Background: Electrocardiogram (ECG) signals provide confirmation about the cardiac
rhythmic deviations and its function. But throughout the acquisition of Electrocardiogram signal from
the human body, it becomes distorted with artifacts like 50 Hz power line interference, wandering of
base line, respiratory signals and muscle artifacts. In spite of the noises in ECG, 50 Hz power line
interference will relentlessly disturb the nature of the ECG signal. In 1990, Huang presented the algorithm
called Empirical Mode Decomposition (EMD). It is an adaptive recursive decomposing algorithm
that disintegrates the signal into different levels called Intrinsic Mode Functions (IMF). EMD has
the limitations like sensitivity to noise and sampling. This problem is only partially addressed by other
techniques like synchrosqueezing and empirical wavelets. Variational mode decomposition (VMD) is
a non-recursive method in which the modes are extracted concomitantly. This technique is more robust
to sampling and noise.
Methods: In this paper novel VMD based subtraction techniques are developed and its denoising
performances are analysed. This proposed that method outperforms other denoising methods like
notch filtering and wavelet transform. Thus the characteristic features of ECG signal are undisturbed
by preserving its originality.
Results: The comparative performance of various methods in terms of the performance parameters
like MSE, SNR, PRD and PSNR is carried out. The SNR level is stable in all noise levels. The SNR
is varying from 19dB to25dB using hard and soft thresholding techniques. But it is almost double
when our proposed approach is applied. The SNR value of direct method is ranging from 38dB to
43dB with a minimum MSE of 0.004 at 5% noise level. The noise band of 48 Hz to 51Hz is
separated from the VMF level so that the desired ECG signal component is undestroyed. Thus
compared to direct subtraction indirect subtraction technique performs well. The SNR value ranging
from a range of 54dBto 55dB is obtained using an indirect method. Highest SNR value of 55.98 dB
is obtained at 5% noise level and a very low MSE value is also obtained.

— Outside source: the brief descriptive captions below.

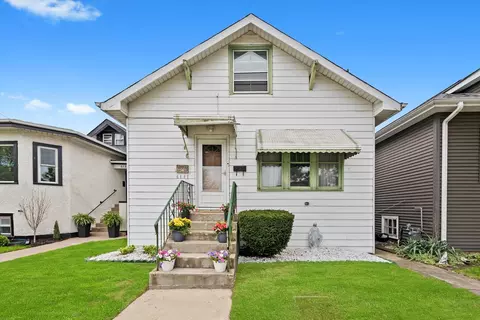 6141 W Peterson Ave, Chicago, IL 60646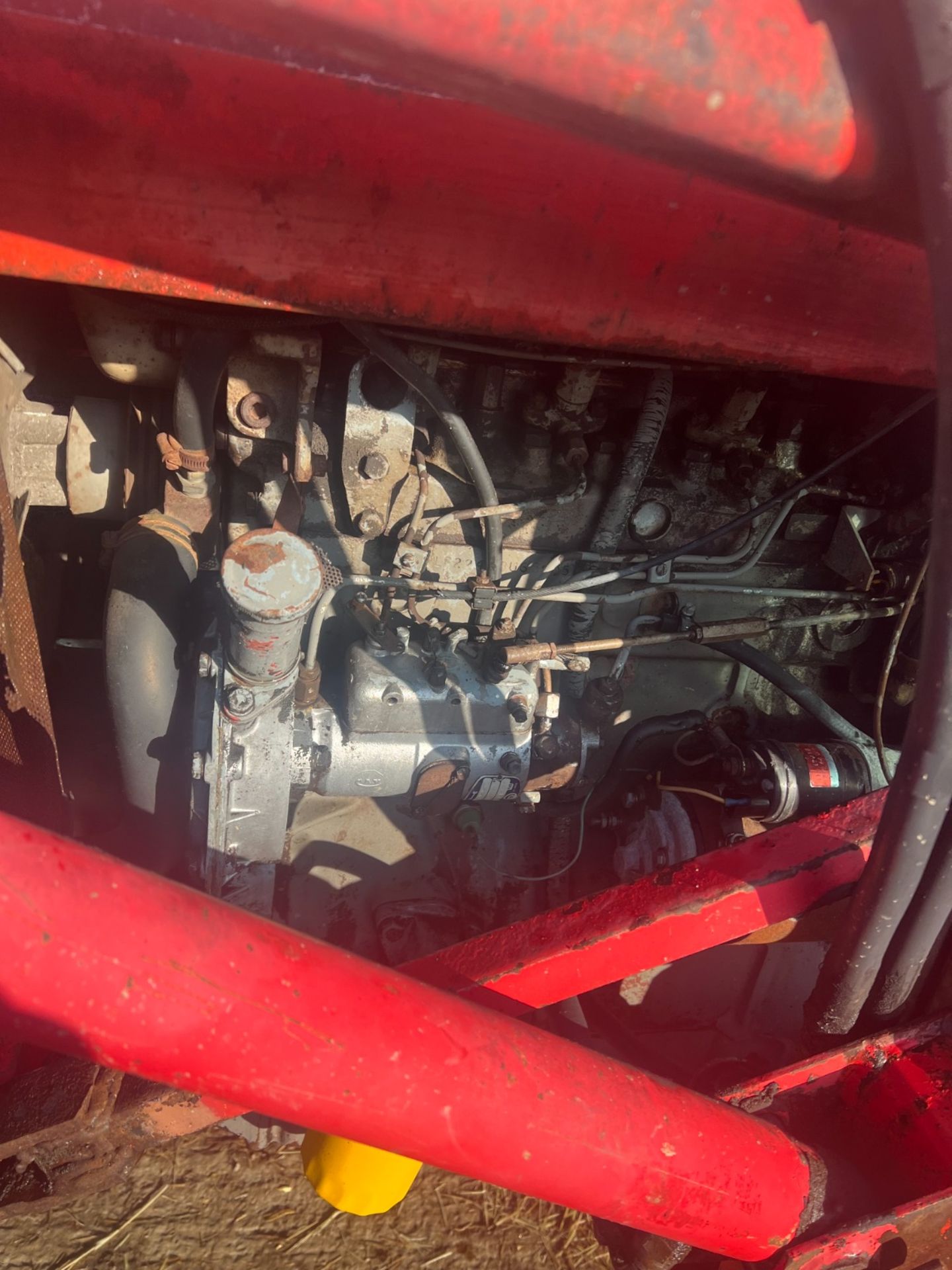 MASSEY FERGUSON 590 TRACTOR WITH FRONT LOADER AND BALE SPIKE *PLUS VAT* - Image 7 of 8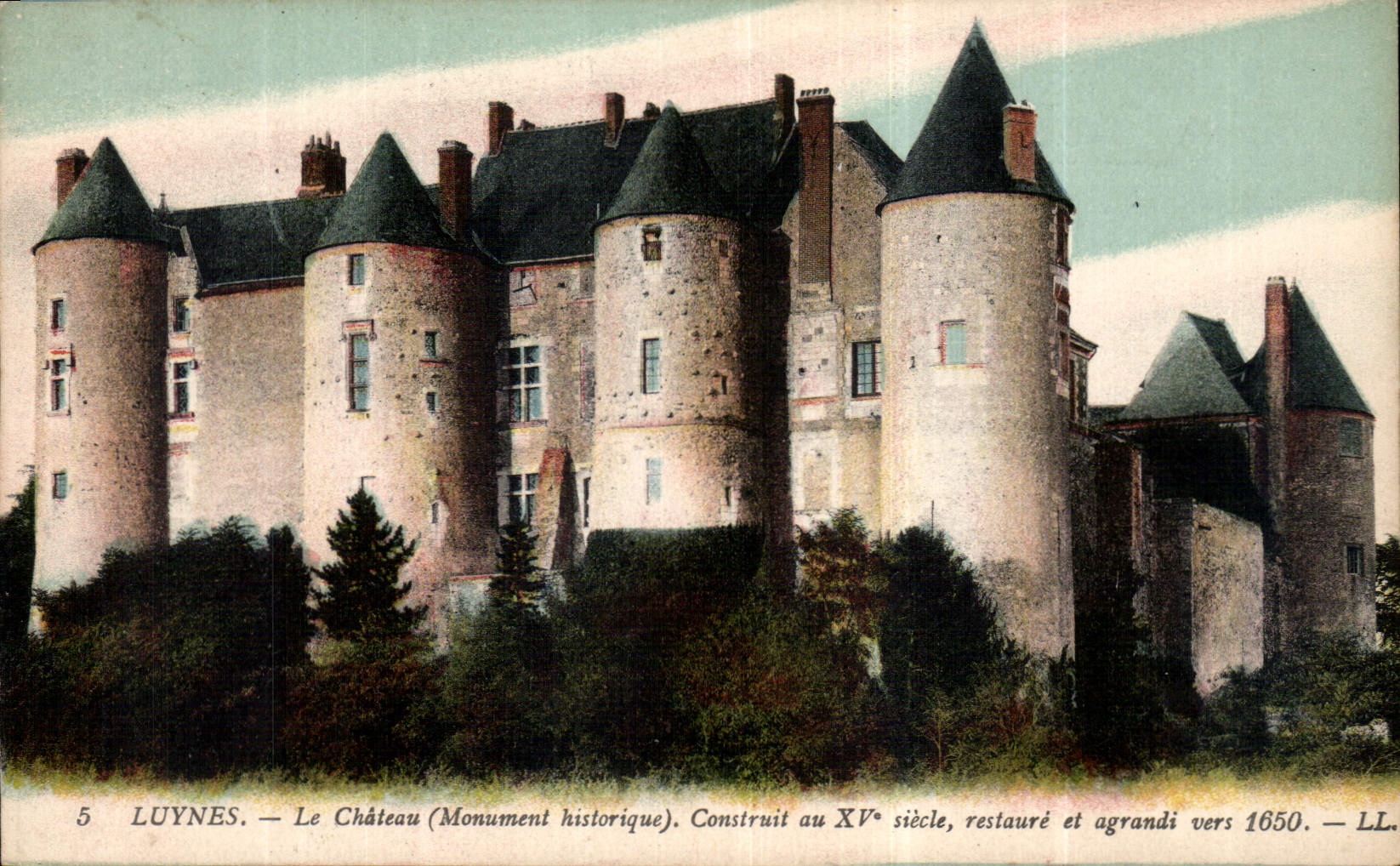 CPA Luynes le Chateau Monument historique construit au XV siecle restaure et agrandi vers 1650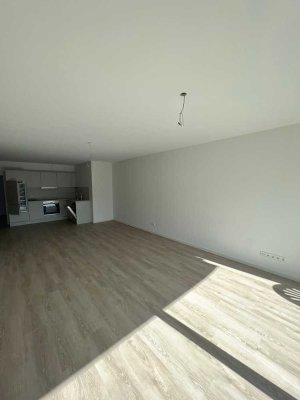 Große, helle 4-Zimmer-Wohnung mit Balkon im Staffelgeschoss – verfügbar ab dem 01.04.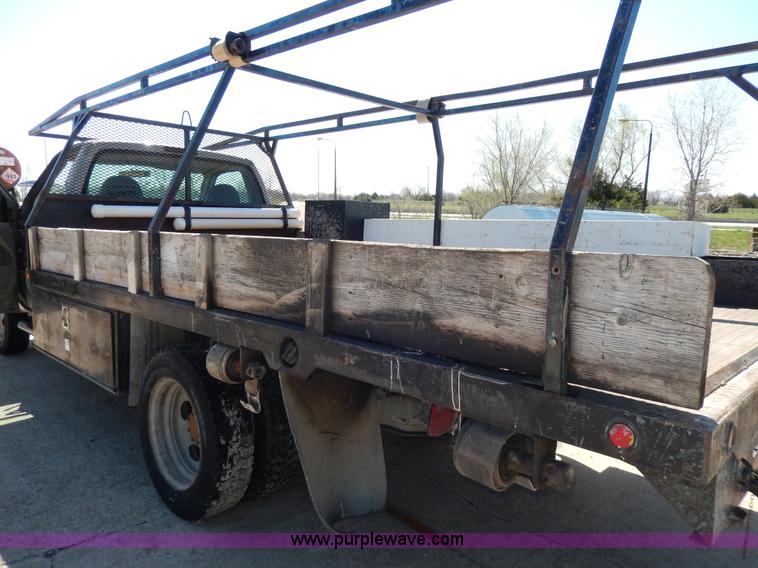 image for item G5397 2001 Ford F550 XL flatbed truck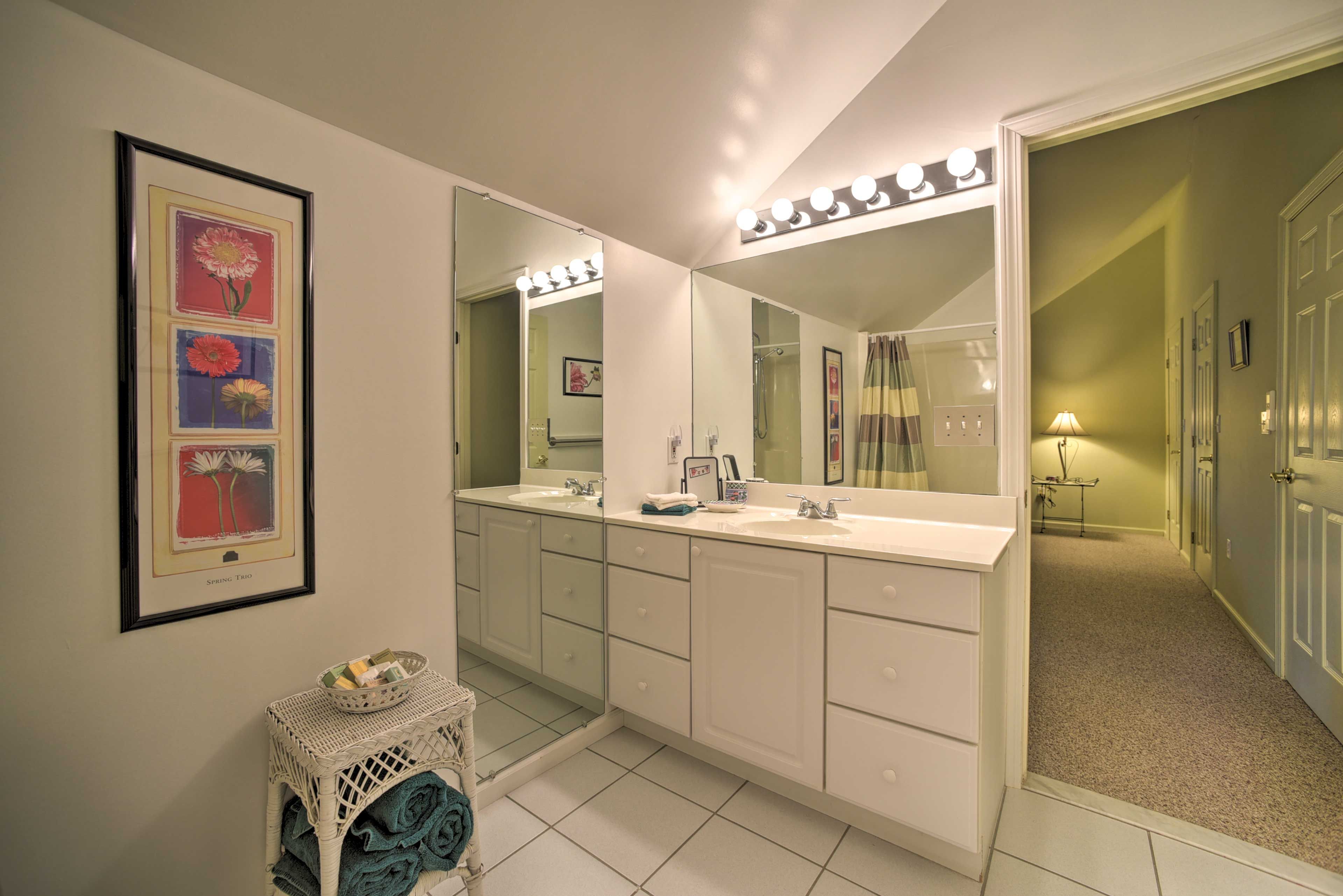 En-Suite Bathroom | Linens/Towels Provided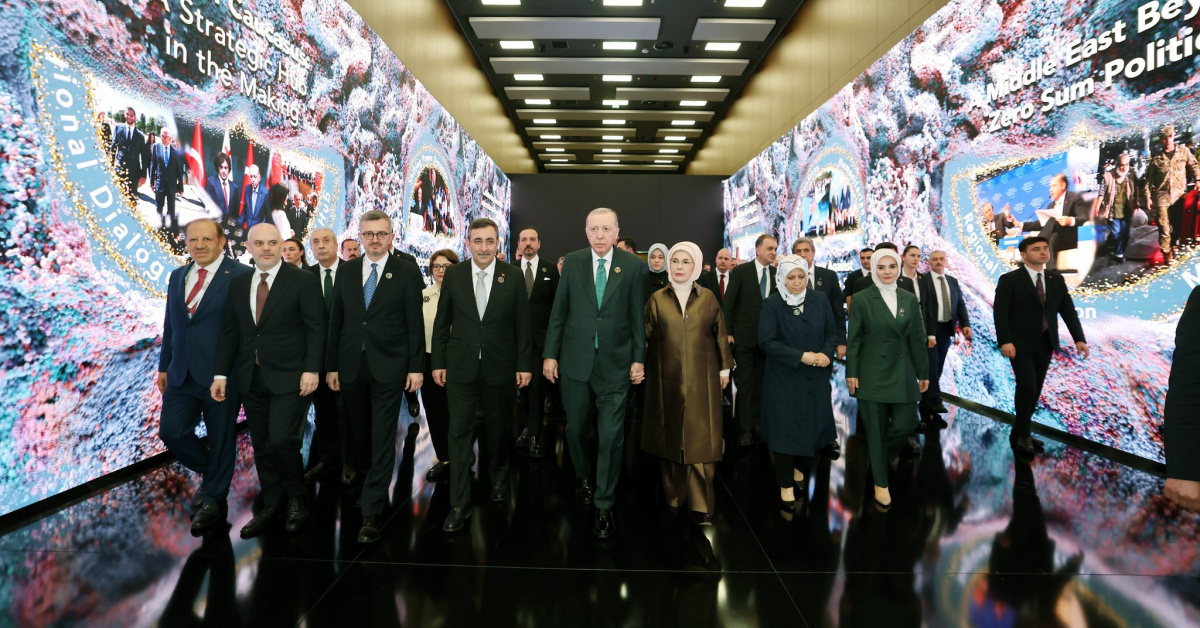 Emine Erdoğan Antalya Diplomasi Forumuna Temenni Yaptı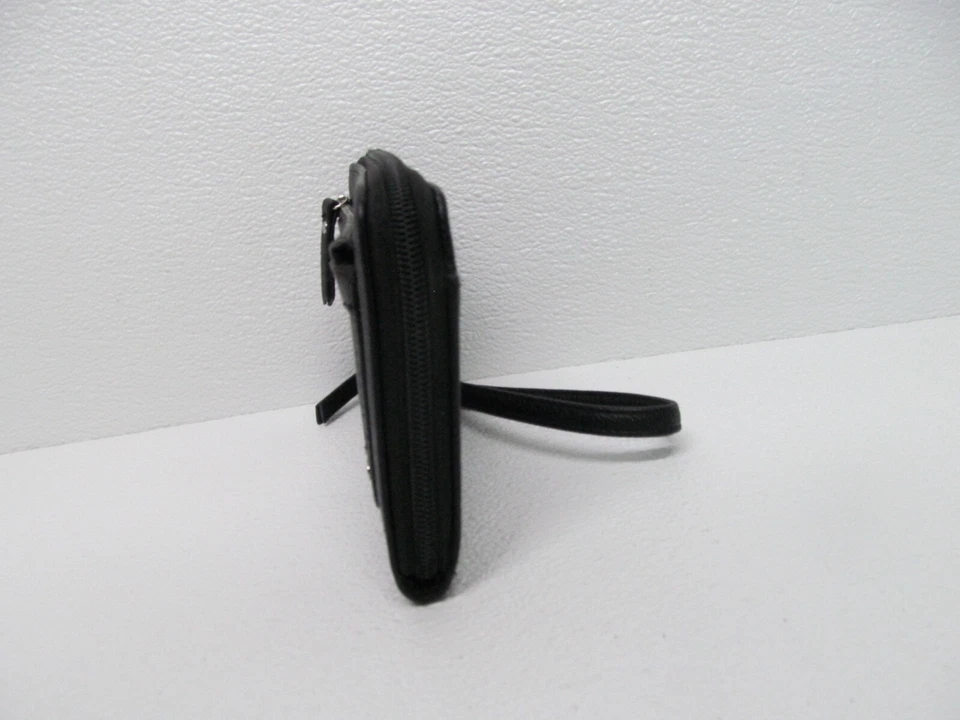 Cartera de muñeca Max Studio negra con cremallera alrededor cartera de cuero vegano Foto 3 de 4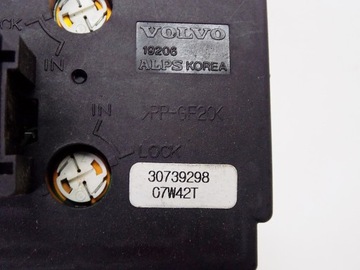 PRZEŁĄCZNIK ŚWIATEŁ Volvo S40 II V50 Lift 30739298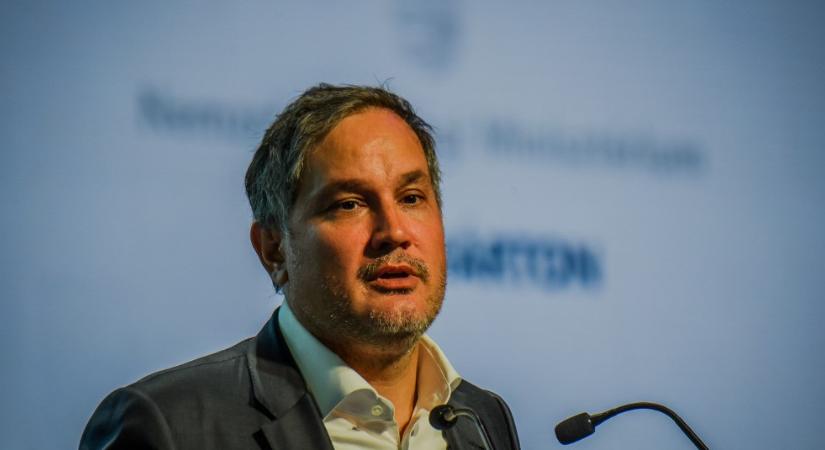 Akár már jövőre jöhet részlet a 14. havi nyugdíjból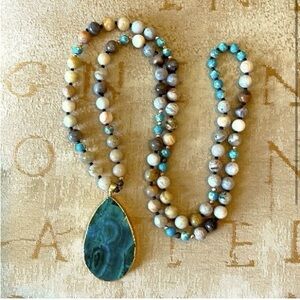NWOT Bohemian Style gemstone necklace with drop stone pendant 38”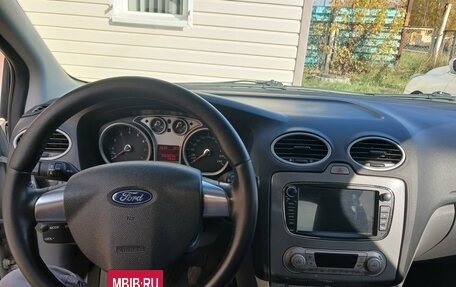 Ford Focus II рестайлинг, 2010 год, 650 000 рублей, 2 фотография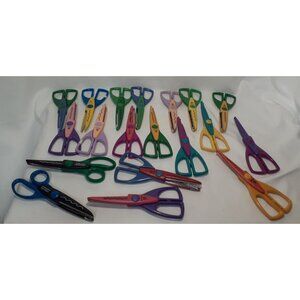 Lot of 19 Provo Craft Scissors,  Decorative Art Edge Craft Paper Edgers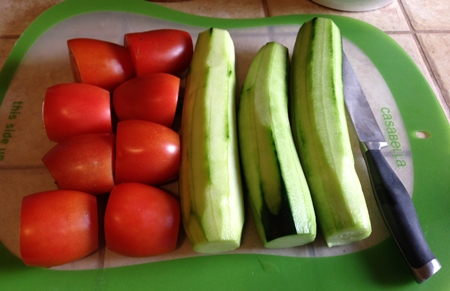 Slik smaker du smuk gurk og tomater
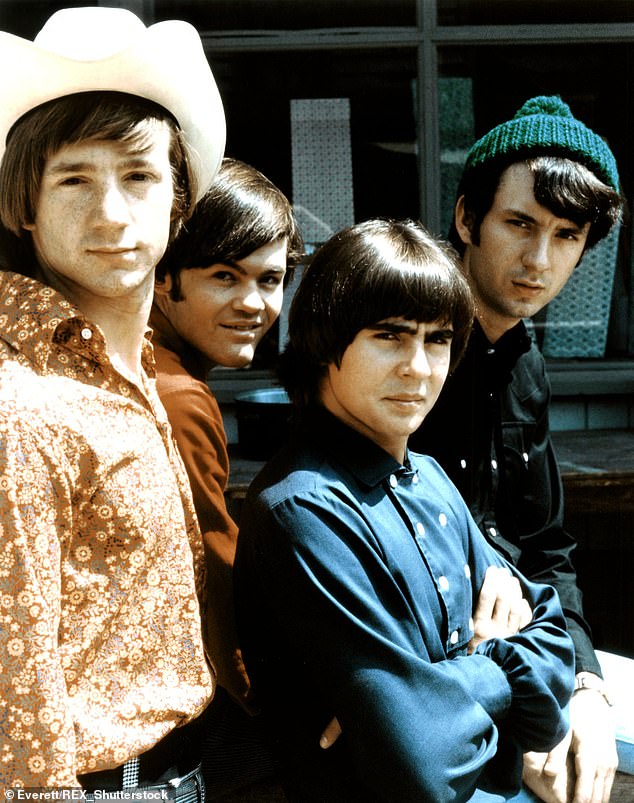 (Слева) Питер Торк, Микки Доленц, Дэви Джонс и Майкл Несмит из The Monkees, на фото 1966 года.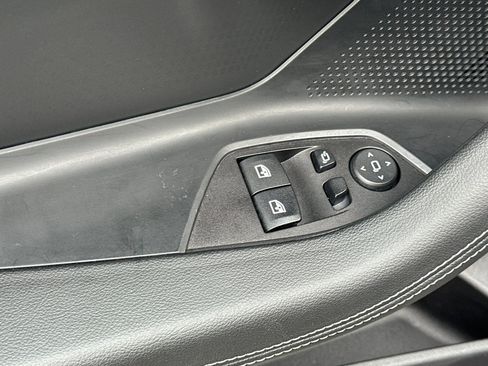 Used 2025 BMW 230i Coupe w/ Convenience Package image 13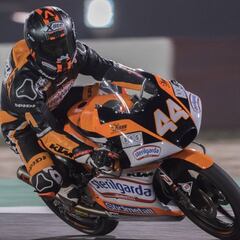 Canet vuela en su estreno con la KTM del equipo de Biaggi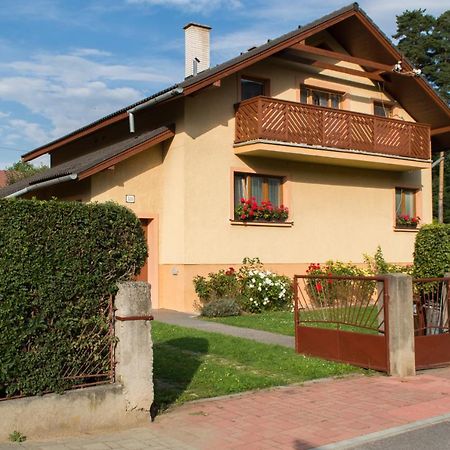 Apartmán pri Belej Apartman Liptovský Hrádok Kültér fotó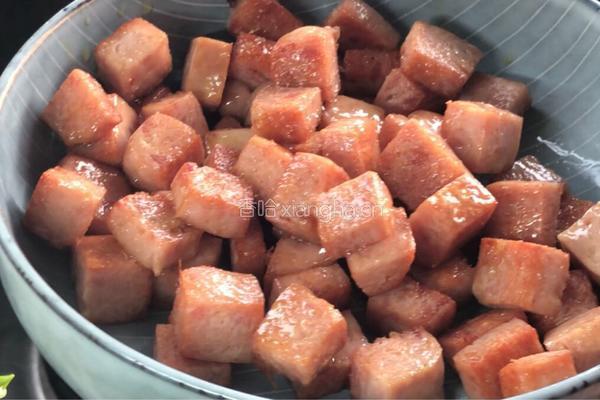 辣椒毛豆炒午餐肉的做法图解8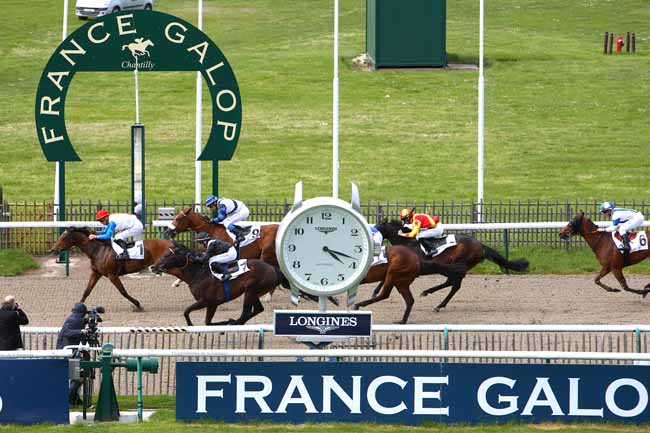 Photo d'arrivée de la course pmu PRIX DE GATELIERE à CHANTILLY le Mercredi 2 mai 2018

Conclusion: This paper provides a novel method in the area of denoising Biosignals. Two
techniques are proposed for denoising such as direct subtraction and indirect subtraction techniques.
A comparative study is performed to study the performance of the proposed method. The
parameters used for comparison are MSE, SNR, PRD and PSNR. Indirect subtraction technique
outperforms the direct subtraction method. An improved SNR value and minimized MSE indicates
the performance of denoising method. Thus VMD based subtraction techniques give better denoised
signals even though the decomposition process takes time.